One significant advantage of dividing threads into blocks is related to RULE 2: if we have 1024 threads, we only need one block. However, at any given time, it can only process (32 * 1) tasks (assuming the number of warps is 1). Thus, we have to wait for it to finish processing the first 32 tasks before moving on to the next 32 tasks, and this process continues sequentially.
If we divide the threads into 32 blocks, with each block containing 32 threads (32 * 32 = 1024), then at any given time, it can process all 1024 threads without waiting for sequential execution.
It is similar to the analogy of eating cakes, where instead of sequentially processing 32 cakes (threads) at a time, we can process all 1024 cakes (threads) in parallel.
Summary:
SM(s) are the classrooms, 1 SP is a student, 1 Thread is a task, and Block is a collection of tasks. You can imagine a block as a box containing the tasks that need to be processed. Each SM processes a certain number of blocks (depending on the data distribution) — 1 SP can handle more than 1 thread (1 student can perform multiple tasks).
Now, we encounter the question of how to distribute the tasks (blocks) among the classrooms (SMs) since SMs and Blocks are two separate concepts (physical and logical) that cannot directly interact. We need an intermediary called WARP to handle this distribution. So, what is a warp, and what is the significance of the number 32?
WARP: both physical and logical
A warp refers to a group of threads that are executed together in parallel. In most GPU architectures, a warp typically consists of 32 threads. The GPU processes instructions in a SIMD (Single Instruction, Multiple Data) fashion, where a single instruction is executed on multiple data elements simultaneously within a warp. This means that all 32 threads within a warp execute the same instruction but operate on different data.
The number 32 is significant because it represents the size of a warp in most GPU architectures. It determines how many threads are processed together in a parallel execution unit. By having multiple warps executing in parallel, the GPU can achieve high throughput and efficient utilization of its processing resources.
Returning to the school example, the warp represents the leaders or class monitors (the number of warps or leaders depends on the specific computer architecture, such as Tesla, Fermi, etc., which I will explain in a separate discussion). The leaders (warps) have two tasks:
- They go and fetch the blocks to bring back to their group for processing. In this case, the blocks are already assigned to each classroom (SM).
- After bringing the blocks to their group, the warps distribute the blocks among the individual students for processing. The warp handles the second step, while the first step will be explained in a subsequent discussion.
Once the warp brings the blocks to their group, they also have the additional responsibility of dividing the tasks among the members within the group. Each division can handle a maximum of 32 tasks at a time. After the completion of these 32 tasks, the next set of 32 tasks is distributed. In other words, at any given time, a warp distributes 32 threads, and each classroom can have multiple warps (leaders), resulting in the number of tasks at a given time being (32 * the number of warps) tasks.
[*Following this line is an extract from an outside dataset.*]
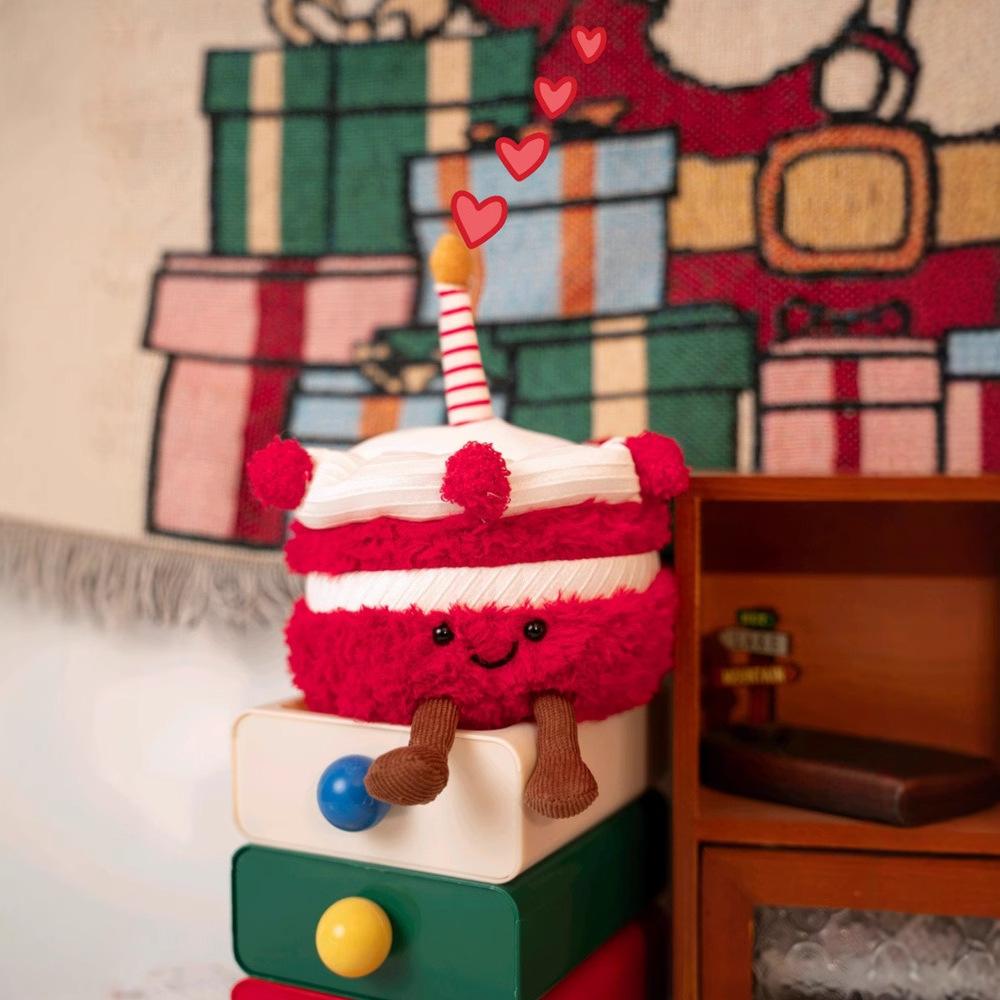 Fun Red Cake Doll Cute Strawberry Cake Plush Toy Red Birthday Gift for Girls Fake Cake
The reason why a warp can only distribute a maximum of 32 threads is due to the functionality of the computer architecture, which is applicable across different systems.
To summarize:
- Warp (Physical): Represents the leaders who lead the students in their group. In other words, warps control the SPs in task processing, where each SP is assigned a specific task.
- Warp (Logical): Represents the control over the number of threads (tasks).
One important note is that while we use the analogy of warps as group leaders, they are not counted as individual members within the classroom. For example, if a classroom has 50 students and 5 leaders, the number of SPs (students) is still 50, not 55.